LLMSAN is a tool for prompting-based bug detection. Equipped with the sanitization technique, LLMSAN can recognize false positives in the reported bugs without introducing huge additional token costs.

Structure of Project

├── README.md                              # README 
├── benchmark                              # Dataset
│   ├── Java                               # Java programs
│   │   ├── juliet-test-suite-APT          # Absolute Path Traversal
│   │   ├── juliet-test-suite-CI           # OS Command Injection
│   │   ├── juliet-test-suite-DBZ          # Divide-by-Zero
│   │   ├── juliet-test-suite-NPD          # Null Pointer Dereference
│   │   └── juliet-test-suite-XSS          # Cross-Site Scripting
│   └── case                               # Evaluation cases
├── lib                                    # Library
│   └── build.py                           # Build tree-sitter locally
├── log                                    # Output of LLMSAN and baselines
│   ├── baseline                           # Output of baselines
│   ├── llmsan                             # Output of LLMSAN
│   ├── batchreport.py                     # Summarize analysis reports
├── requirements.txt                       # requirement file
└── src                                    # Source code directory
 ├── batchrun.py                           # Entry of analysis
 ├── data                                  # Data transform directory
 │   └── transform.py                      # Prepare data by obfuscation
 ├── model                                 # LLM model related
 │   ├── detector.py                       # End-to-end CoT prompting-based detection
 │   ├── llm.py                            # LLM module
 │   └── utils.py                          # Basic setting of LLMs
 ├── parser                                # Parsing related
 │   └── parser.py                         # Parse LLM output
 ├── pipeline.py                           # Pipelines of LLMSAN and baselines
 ├── prompt                                # Prompt templates of different bug types
 └── sanitizer                             # Sanitizer related
 ├── analyzer.py                           # Program parsing-based analysis
 └── passes.py                             # Implementation of four sanitizers

Installation

  1. Clone the repository:

    git clone https://github.com/chengpeng-wang/LLMSAN.git
    cd LLMSAN
  2. Install the required dependencies:

    pip install -r requirements.txt
  3. Ensure you have the Tree-sitter library and language bindings installed:

    cd lib
    python build.py
  4. Configure the keys:

    export OPENAI_API_KEY=sk-xxxxxxxxxxxxxxxxxxxxxxxxxxxxxx

    Similarly, the other two keys can be set as follows:

    export REPLICATE_API_TOKEN=xxxxxx
    export GEMINI_KEY=xxxxxx

Quick Start

  1. Analyze a demo case using LLMSAN

    We can run the following commands to detect the XSS bug in the file CWE80_XSS__CWE182_Servlet_database_66.java as a demo.

    cd src
    python batchrun.py \
        --bug-type=xss \
        --detection-model=gpt-3.5-turbo \
        --sanitization-model=gpt-3.5-turbo \
        --analysis-mode=lazy \
        --project-mode=single \
        --engine=llmsan \
        -functionality-sanitize \
        -reachability-sanitize \
        --global-temperature=0.0 \
        --self-consistency-k=1

    If you want to detect all the XSS bugs, change --project-mode=single to --project-mode=all.

    If you want to detect kinds of bugs, change xss in --bug-type=xss to other bug types, which can be apt, ci, npd, and dbz.

    Then, you can summarize the analysis reports by running the command.

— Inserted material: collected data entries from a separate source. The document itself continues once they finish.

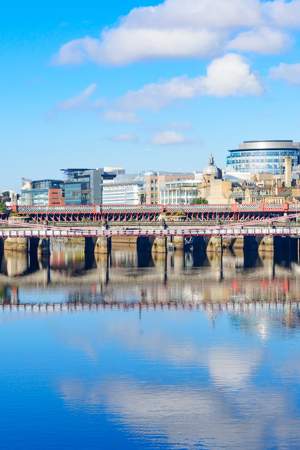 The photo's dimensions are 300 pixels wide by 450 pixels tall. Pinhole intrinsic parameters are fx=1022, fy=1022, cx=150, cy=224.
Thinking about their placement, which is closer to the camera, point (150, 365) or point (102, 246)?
point (150, 365)

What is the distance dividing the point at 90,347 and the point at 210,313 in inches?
525

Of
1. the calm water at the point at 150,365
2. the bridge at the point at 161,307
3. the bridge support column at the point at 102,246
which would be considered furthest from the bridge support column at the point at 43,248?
the bridge at the point at 161,307

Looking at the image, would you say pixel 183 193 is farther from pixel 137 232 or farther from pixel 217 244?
pixel 137 232

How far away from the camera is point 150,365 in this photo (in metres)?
42.5

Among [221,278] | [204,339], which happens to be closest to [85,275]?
[221,278]

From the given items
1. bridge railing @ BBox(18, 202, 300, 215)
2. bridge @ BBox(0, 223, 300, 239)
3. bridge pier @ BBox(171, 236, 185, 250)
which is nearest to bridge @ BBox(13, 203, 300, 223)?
bridge railing @ BBox(18, 202, 300, 215)

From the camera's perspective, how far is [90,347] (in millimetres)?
47531

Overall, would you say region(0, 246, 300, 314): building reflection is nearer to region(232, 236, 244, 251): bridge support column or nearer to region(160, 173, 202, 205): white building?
region(232, 236, 244, 251): bridge support column

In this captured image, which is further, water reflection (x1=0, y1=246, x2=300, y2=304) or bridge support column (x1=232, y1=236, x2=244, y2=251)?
bridge support column (x1=232, y1=236, x2=244, y2=251)

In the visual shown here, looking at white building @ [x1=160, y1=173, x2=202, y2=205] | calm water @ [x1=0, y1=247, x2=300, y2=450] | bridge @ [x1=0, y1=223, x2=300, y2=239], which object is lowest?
calm water @ [x1=0, y1=247, x2=300, y2=450]

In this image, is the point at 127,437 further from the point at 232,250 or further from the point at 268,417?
the point at 232,250

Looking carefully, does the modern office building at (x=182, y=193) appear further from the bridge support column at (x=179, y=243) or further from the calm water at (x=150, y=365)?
the calm water at (x=150, y=365)

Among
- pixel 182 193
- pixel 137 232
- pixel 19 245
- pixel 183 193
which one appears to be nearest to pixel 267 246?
pixel 137 232

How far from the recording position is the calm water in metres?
32.9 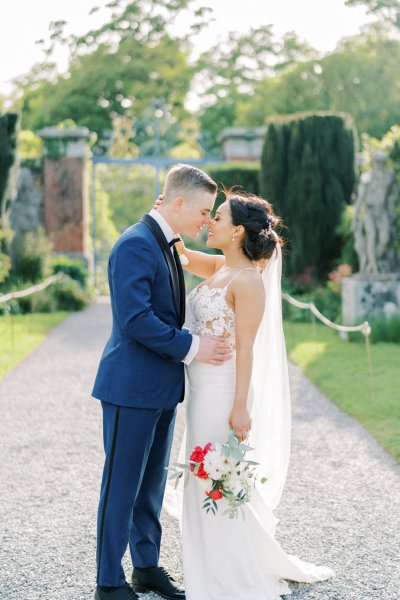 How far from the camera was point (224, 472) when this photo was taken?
3.27 meters

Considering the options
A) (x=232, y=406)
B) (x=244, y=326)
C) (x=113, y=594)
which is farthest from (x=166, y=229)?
(x=113, y=594)

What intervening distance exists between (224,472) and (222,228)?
0.95m

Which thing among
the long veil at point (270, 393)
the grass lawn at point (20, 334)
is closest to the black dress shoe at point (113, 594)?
the long veil at point (270, 393)

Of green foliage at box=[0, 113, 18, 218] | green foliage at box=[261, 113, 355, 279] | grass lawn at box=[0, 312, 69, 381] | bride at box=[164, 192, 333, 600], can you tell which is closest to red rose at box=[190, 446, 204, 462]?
bride at box=[164, 192, 333, 600]

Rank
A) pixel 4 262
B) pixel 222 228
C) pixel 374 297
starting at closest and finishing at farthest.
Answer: pixel 222 228
pixel 374 297
pixel 4 262

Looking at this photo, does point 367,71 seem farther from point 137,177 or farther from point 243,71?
point 137,177

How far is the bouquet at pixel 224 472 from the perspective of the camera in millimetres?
3266

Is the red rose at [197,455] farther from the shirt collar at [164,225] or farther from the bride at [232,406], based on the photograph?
the shirt collar at [164,225]

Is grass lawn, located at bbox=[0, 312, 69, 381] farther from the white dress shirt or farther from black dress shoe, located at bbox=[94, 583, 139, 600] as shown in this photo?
the white dress shirt

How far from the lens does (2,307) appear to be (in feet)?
46.4

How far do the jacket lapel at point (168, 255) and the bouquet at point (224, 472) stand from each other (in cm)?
55

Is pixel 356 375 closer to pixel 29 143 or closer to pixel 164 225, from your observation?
pixel 164 225

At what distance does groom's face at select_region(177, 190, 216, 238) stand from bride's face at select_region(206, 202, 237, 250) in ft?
0.47

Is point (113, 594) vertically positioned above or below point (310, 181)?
below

Remember that you should make the values of the common options of batchrun and batchreport the same.

    cd log
    python batchreport.py \
        --bug-type=xss \
        --detection-model=gpt-3.5-turbo \
        --sanitization-model=gpt-3.5-turbo \
        --project-mode=single \
        --engine=llmsan \
        --global-temperature=0.0 \
        --self-consistency-k=1

    The summary of the analysis will be dumped to report.json in the directory log. In each item, the following dictionary shows the details of the detection and sanitization:

    "result": {
        "type_sanitize": 1,
        "functionality_sanitize": 1,
        "order_sanitize": 1,
        "reachability_sanitize": 1,
        "total": 1,
        "final": 1
    }

    The values of "xxx_sanitize" indicate whether the data-flow path violates any syntactic or semantic property. If the value is 1, the property is not violated. If the value of "final" is 1, the bug report is recognized as true bug as all the sanitizers do not discover any violations.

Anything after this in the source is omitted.